I have though set out to atone for my younger ignorance and sloth and have been kept on track by other women in my life, even if I still occasionally slip up.
But I do recognise women’s rights. Both the progress made and that has been fought for over the years and rightly first raised with me by my Mum. Yet, there’s a distance that still has to be travelled, as well as new threats that beckon.
It’s not simply equal pay, a wound that shamefully still cuts deep today, or equality in representation with long overdue changes now coming through in candidates this election.
It also applies in single-sex spaces, but particularly for women where dignity and even safety can apply. And be under no illusion, this will become an election issue as the absurdities caused by recent identity politics come to be understood.
The rights of transgender people require protecting but that cannot come at the cost of the rights of women. New guidance and rules in the fallout from this new identity politics are causing mayhem as my mailbox shows. Issues from unisex toilets in schools through to the safety of women prisoners and the dignity of prison staff are now arising.

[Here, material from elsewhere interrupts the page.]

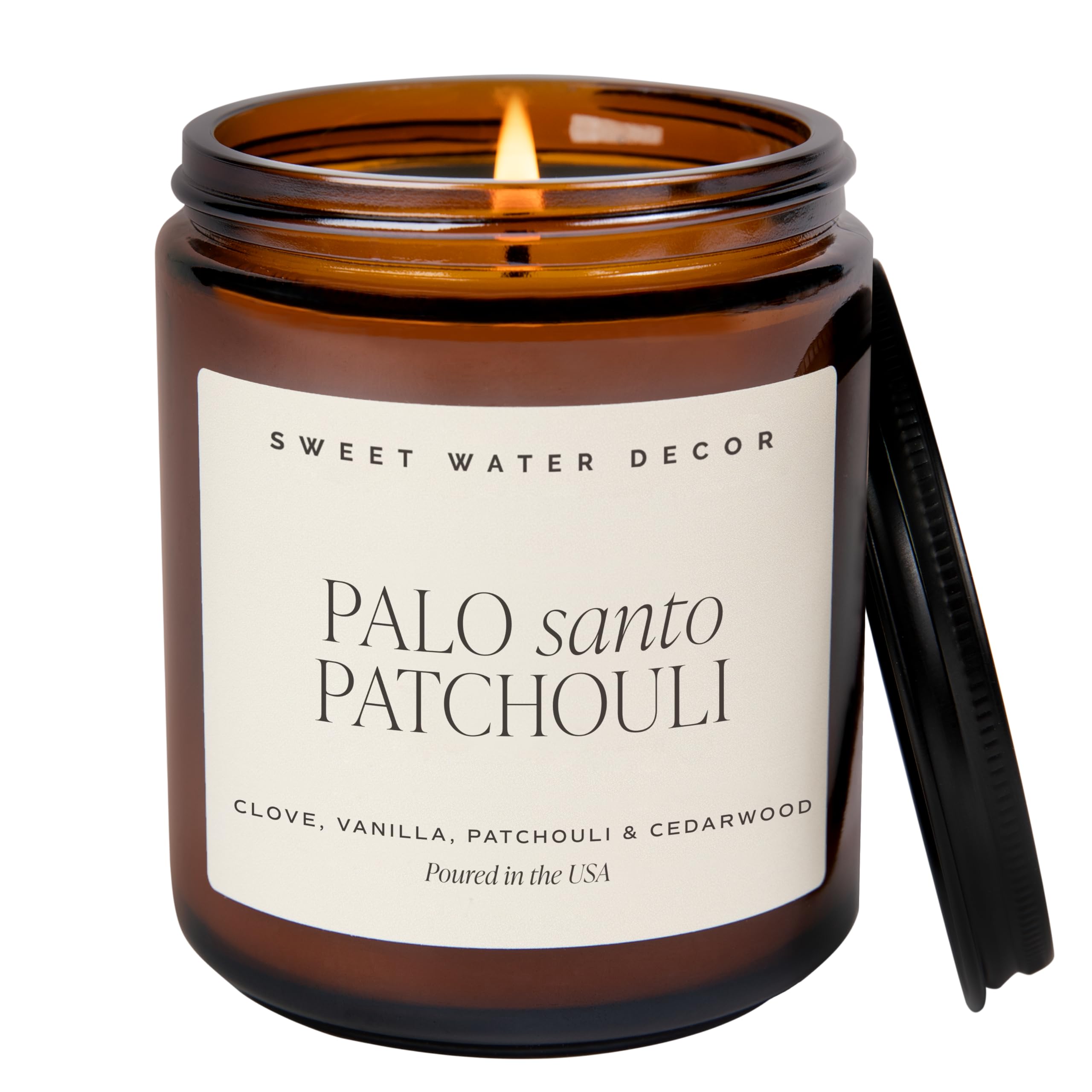 Sweet Water Decor Palo Santo Patchouli Candle, 9oz Amber Glass Jar, Soy Wax | Cl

It’s many years now since my auld Mum used to enjoy going to the women's session at the local swimming baths. Initially I jeered but soon realised that it was right and necessary to avoid testosterone-filled youths such as myself spoiling her relaxation.
Women’s sessions and women's only spaces are perfectly legitimate. Males should be excluded and simply pronouncing yourself female cannot suffice.

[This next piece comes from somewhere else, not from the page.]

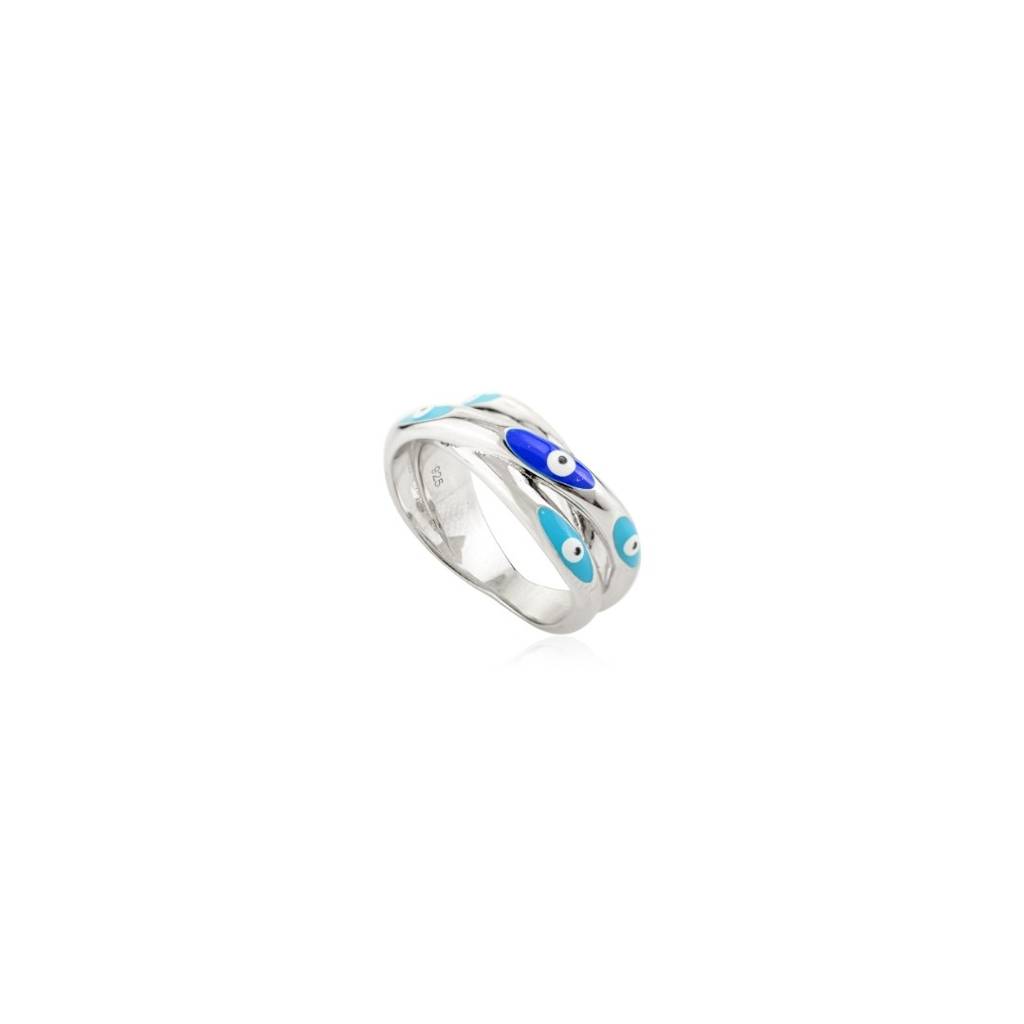 Evil Eye Spiritual Protective Silver Ring : LM26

Yet now the direction is to bring in unisex toilets in schools. Frankly, I found the toilets intimidating places in my schooldays and the idea that a young girl should have to share that space with an older male youth is nuts. No wonder even relatively modest proposals in East Lothian are crossing a line for many parents and youngsters.
In Westminster, the justice trade unions are raising issues about self-identification in the women’s prison estate. A judicial review’s ongoing in the English courts after assaults perpetrated by a man self-identifying as a woman.
It’s not just the safety of prisoners but the dignity of staff that’s threatened. If female custody officers are required to carry out a search on someone self-identifying as a woman then that’s demeaning.
It’s not arisen to the same extent in Scotland but, as with school toilets, it’s coming, as I know from discussions with union representatives here.
Protecting the rights of transgender people is both right and necessary. But it cannot be at the expense of women’s rights and self-ID is an attack upon that.
Protecting women’s rights – rights which aren’t just about pay and political representation but the protection of single-sex spaces and services – isn’t transphobic. That’s equally important for women’s safety and dignity.